The problem is to multiply a boolean share with an arithmetic share, a commonly used technique in functions such as multiplexing. In my opinion, a straightforward approach would be to convert the boolean share to an arithmetic share and then proceed with the multiplication of the two arithmetic shares, followed by a truncation step (although I can't recall where I read this idea). However, I am curious if there might be a more efficient method available, as I question the necessity of the truncation step.
-
$\begingroup$ Are you in the two-party setting or in the multiparty setting? $\endgroup$– Geoffroy CouteauCommented Sep 4 at 11:35
-
1$\begingroup$ Two-party and I am curious about how to use beaver triple or homomorphic encryption. $\endgroup$– HobbitCommented Sep 4 at 12:18
-
$\begingroup$ I think Beaver triples or homomorphic encryption are an overkill here, a simple oblivious transfer is enough. $\endgroup$– Geoffroy CouteauCommented Sep 5 at 13:24
1 Answer
In the honest-but-curious setting, you can do that using a single oblivious transfer.

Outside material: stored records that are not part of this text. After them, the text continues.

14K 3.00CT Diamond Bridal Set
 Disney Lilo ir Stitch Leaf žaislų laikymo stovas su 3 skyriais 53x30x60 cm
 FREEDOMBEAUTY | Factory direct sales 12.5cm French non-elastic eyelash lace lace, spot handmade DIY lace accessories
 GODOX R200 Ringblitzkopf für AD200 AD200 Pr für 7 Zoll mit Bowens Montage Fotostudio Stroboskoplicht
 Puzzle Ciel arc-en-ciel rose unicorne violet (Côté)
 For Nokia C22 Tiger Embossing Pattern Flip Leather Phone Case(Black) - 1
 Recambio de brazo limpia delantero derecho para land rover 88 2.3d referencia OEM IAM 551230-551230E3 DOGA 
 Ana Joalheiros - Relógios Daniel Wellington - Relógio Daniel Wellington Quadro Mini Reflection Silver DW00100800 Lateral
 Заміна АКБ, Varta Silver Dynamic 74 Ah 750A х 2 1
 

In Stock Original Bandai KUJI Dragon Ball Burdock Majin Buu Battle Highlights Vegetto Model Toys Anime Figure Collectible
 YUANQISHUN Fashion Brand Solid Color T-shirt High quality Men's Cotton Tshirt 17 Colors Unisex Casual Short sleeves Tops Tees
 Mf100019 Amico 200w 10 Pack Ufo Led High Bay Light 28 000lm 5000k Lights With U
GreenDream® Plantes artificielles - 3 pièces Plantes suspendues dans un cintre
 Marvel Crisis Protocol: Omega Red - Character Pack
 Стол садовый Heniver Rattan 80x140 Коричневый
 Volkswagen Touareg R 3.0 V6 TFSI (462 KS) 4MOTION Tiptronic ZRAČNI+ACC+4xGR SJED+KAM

Since you indicated in the comments that you're interested in the two-party setting, here is a solution: let Alice and Bob be two parties with binary shares $(b_A, b_B)$ of a bit $b \in \mathbb{F}_2$ and arithmetic shares $(x_A, x_B)$ of a value $x\in \mathbb{F}$. Their goal is to get additive shares of $y = b\cdot x$ over $\mathbb{F}$.
There is a folklore simple way to do that using oblivious transfer. Here is the idea: you can "arithmetize" $b_A \oplus b_B$ as $b_A + b_B - 2\cdot b_Ab_B$ over an arbitrary larger field (in fact, it works over the integers). Written this way, the equation becomes
$y = (b_A + b_B + 2b_Ab_B)\cdot (x_A+x_B) = b_Ax_A + b_Bx_B + b_A\cdot (1 + 2b_B)x_B$
In this equation, $b_Ax_A$ is known to Alice, and $b_Bx_B$ is know to Bob, so it's easy for the parties to just add these quantities to their share locally. Therefore, the problem reduces to letting Alice and Bob get additive shares of $b_A\cdot (1+2b_B)x_B$. This is easily achieved using a single oblivious transfer:
- Bob samples a random element $r\gets \mathbb{F}$.
- Bob plays the role of the sender in an oblivious transfer protocol, with inputs $(-r, (1+2b_B)x_B-r)$.
- Alice plays the role of the receiver, with selection bit $b_A$.
- At the end of the OT, Alice gets an output $z_A$. Bob sets his output $z_B$ to be $r$.
In the above protocol, if $b_A = 0$, Alice gets $z_A = -r$, hence $z_A + z_B = r-r = 0 = 0\cdot (1+2b_B)x_B$. If $b_A = 1$, Alice gets $z_A = (1+2b_B)x_B-r$, hence $z_A+z_B = (1+2b_B)x_B-r + r = 1\cdot(1+2b_B)x_B$.
In the end, Alice outputs $z_A + b_Ax_A$ and Bob outputs $z_B + b_Bx_B$; they form additive shares over $\mathbb{F}$ of $y = b\cdot x$, as intended.